A novelist with a political or cultural agenda may develop tunnel vision. Instead of writing satirical fiction, said novelist may find him- or herself lecturing from the secular pulpit, sacrificing drama for punditry. Luckily, Perrotta is too good a writer to make that mistake. Readers of his previous work (the superb collection of linked stories, Bad Hair Cut: Stories of the Seventies, or his forays into suburban satire, Election and Little Children) will therefore be relieved that the author refused to turn The Abstinence Teacher into a polemic against the creep of Christian evangelical values in the public forum.

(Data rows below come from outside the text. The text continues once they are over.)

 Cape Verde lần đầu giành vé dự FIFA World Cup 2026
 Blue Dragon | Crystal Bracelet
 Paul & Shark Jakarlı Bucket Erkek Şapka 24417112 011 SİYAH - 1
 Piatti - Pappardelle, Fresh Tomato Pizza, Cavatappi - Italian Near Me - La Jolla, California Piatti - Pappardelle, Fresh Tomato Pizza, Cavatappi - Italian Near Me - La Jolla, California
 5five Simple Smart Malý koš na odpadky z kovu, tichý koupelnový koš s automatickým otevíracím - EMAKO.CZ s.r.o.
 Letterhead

Perrotta establishes an ideological balance through the sympathetic character of the soccer coach, Tim Mason, a congregant of the Tabernacle, as well as a self-described warrior for Christ. Perrotta knows that the lives of sinners are far more compelling-dramatically speaking-than the lives of saints. We discover that Tim, before he became Coach Tim, wandered alone in the dark woods of temptation. He played bass in a rock band, he ruined his marriage with a cocaine/alcohol addiction, and he lusted after nubile groupies. Then Tim found Jesus and was Born Again.

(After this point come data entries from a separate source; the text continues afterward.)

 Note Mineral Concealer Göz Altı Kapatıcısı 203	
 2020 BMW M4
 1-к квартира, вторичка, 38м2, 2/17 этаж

Now Tim is the beloved soccer coach of Ruth’s thirteen-year-old daughter, Maggie. Youth athletics places the ideologically antagonistic adults on the same sideline. But when Coach Tim initiates a post-game prayer circle, Ruth calls foul. The Youth Soccer League is funded by public dollars and she argues that it’s a breach of the separation between church and state. Off the field, Tim and Ruth have a collision of their own, but instead of acrimony, the believer and the skeptic discover that they share the burden of past mistakes: both are divorced and lonely; both are caretakers of teenagers who are becoming increasingly distant. Ruth’s daughters-Maggie and Eliza-have embraced the Christian community that persecutes their mother, while Tim’s daughter, Abby, has a habit of rolling her eyes at her father’s attempts to connect. He’s a Jesus-freak, after all. It’s no mystery that Ruth and Tim are expected to come together by the novel’s conclusion. Like two converging forwards, the lonely suburbanite couple maneuver toward a common goal, joined by the mutual experience of human vulnerability.

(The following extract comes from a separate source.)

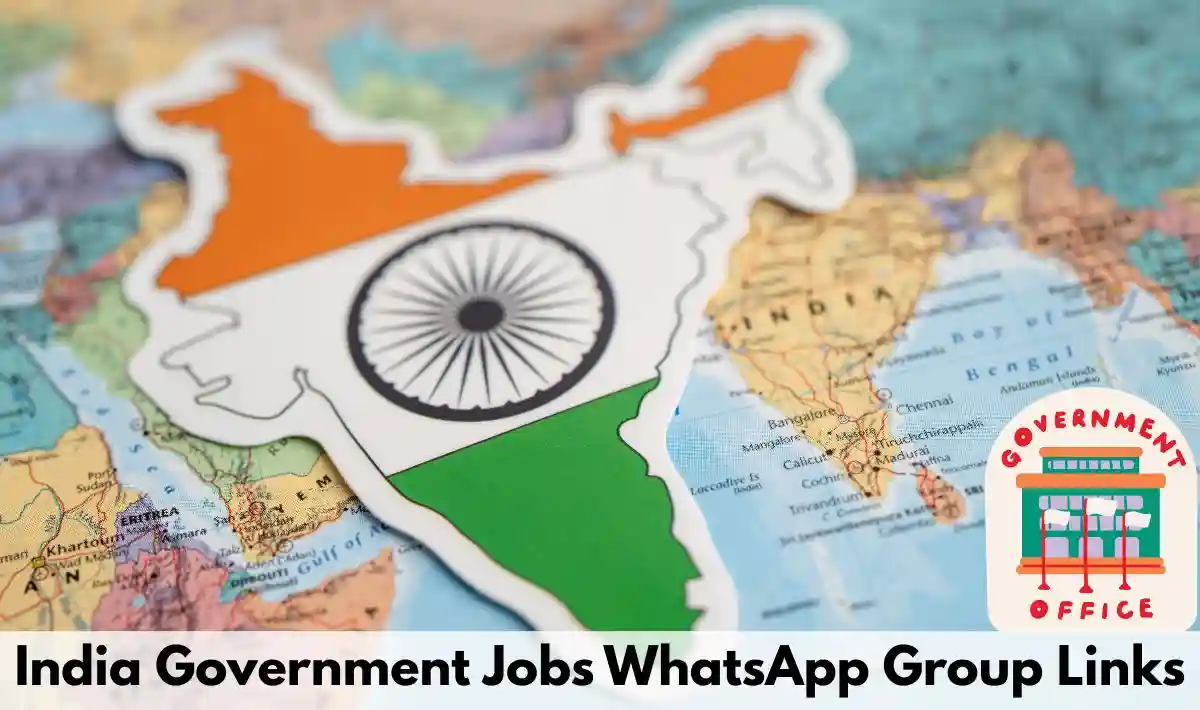 All India Government Jobs WhatsApp Group Links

The barbs of Perrotta’s satire pierce the flesh of Christians who flaunt their faith, those believers who act as if they have God on speed-dial. Tim Mason carries himself with the wisdom of a man who understands that struggle itself is a religious principle. He tries to reconcile his spiritual beliefs with the secular temptations of his past and the shadows they cast onto his present life. With Jesus as a role model, however, it’s hard for an ex-drug addict to feel spiritually adequate. Ruth, like Tim, doesn’t believe that her own past indiscretions, or Tim’s sins, should be completely absolved. She asks: “When we disavow our mistakes, aren’t we also disavowing our identities?” Her question answers an early scene in which the pastor of Tim’s congregation compares temptation to a fungus, and therefore reduces human desire to a moldy pest that needs only to be exposed to the “fresh air and sunlight of Jesus Christ” to be made clean. The sterile bromide blends self-help philosophy with the language of an Ajax commercial. It applies to the dark crannies beneath a household sink, not the cavernous depths of the human heart.